##### GIVEN DATA #####

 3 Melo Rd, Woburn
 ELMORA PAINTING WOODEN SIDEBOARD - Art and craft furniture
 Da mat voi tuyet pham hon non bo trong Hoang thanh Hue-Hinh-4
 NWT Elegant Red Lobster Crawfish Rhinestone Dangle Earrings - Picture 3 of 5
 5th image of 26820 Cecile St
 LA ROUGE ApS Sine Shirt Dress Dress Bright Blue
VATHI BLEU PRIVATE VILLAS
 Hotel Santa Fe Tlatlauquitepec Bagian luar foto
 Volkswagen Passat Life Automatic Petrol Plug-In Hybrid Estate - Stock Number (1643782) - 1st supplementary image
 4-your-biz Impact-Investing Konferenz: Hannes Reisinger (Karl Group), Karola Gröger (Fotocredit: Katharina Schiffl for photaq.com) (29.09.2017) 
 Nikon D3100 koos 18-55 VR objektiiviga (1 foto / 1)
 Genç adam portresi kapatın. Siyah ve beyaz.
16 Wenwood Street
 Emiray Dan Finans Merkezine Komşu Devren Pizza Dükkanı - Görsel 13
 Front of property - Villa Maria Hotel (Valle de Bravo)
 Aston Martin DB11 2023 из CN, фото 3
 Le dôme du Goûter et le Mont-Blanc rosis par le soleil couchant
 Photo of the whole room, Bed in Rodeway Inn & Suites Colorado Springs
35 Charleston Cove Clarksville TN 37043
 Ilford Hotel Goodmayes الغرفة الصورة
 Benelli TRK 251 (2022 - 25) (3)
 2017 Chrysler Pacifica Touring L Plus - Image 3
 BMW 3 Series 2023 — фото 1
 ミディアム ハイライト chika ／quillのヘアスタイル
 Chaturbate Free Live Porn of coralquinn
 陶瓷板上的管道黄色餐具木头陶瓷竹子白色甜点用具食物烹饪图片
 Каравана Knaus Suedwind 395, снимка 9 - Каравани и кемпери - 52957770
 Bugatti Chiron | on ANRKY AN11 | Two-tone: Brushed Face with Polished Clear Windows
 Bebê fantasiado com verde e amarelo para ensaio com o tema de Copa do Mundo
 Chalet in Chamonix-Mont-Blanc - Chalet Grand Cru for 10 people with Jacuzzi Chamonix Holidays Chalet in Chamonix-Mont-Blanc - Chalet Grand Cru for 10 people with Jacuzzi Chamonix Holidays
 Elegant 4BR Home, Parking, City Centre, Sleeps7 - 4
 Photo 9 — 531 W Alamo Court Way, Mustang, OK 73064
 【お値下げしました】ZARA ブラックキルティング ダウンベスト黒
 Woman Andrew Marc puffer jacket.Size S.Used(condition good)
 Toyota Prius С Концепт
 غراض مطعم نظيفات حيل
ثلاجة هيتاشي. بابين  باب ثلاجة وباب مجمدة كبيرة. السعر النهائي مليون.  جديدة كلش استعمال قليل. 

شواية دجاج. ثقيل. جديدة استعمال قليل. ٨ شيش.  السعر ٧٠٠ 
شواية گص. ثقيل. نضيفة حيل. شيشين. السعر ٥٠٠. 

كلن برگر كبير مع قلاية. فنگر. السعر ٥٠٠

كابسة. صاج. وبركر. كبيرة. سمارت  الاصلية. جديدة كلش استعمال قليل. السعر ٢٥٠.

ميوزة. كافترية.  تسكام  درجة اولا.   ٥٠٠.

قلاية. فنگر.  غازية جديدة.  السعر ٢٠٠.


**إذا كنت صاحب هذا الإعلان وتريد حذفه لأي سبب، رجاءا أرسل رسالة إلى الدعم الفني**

#####

• TASK DETAILS: Copy all lines from the material above that hold the word "السعر".

• PROBLEM SOLUTION:
ثلاجة هيتاشي. بابين  باب ثلاجة وباب مجمدة كبيرة. السعر النهائي مليون.  جديدة كلش استعمال قليل. 
شواية دجاج. ثقيل. جديدة استعمال قليل. ٨ شيش.  السعر ٧٠٠ 
شواية گص. ثقيل. نضيفة حيل. شيشين. السعر ٥٠٠. 
كلن برگر كبير مع قلاية. فنگر. السعر ٥٠٠
كابسة. صاج. وبركر. كبيرة. سمارت  الاصلية. جديدة كلش استعمال قليل. السعر ٢٥٠.
قلاية. فنگر.  غازية جديدة.  السعر ٢٠٠.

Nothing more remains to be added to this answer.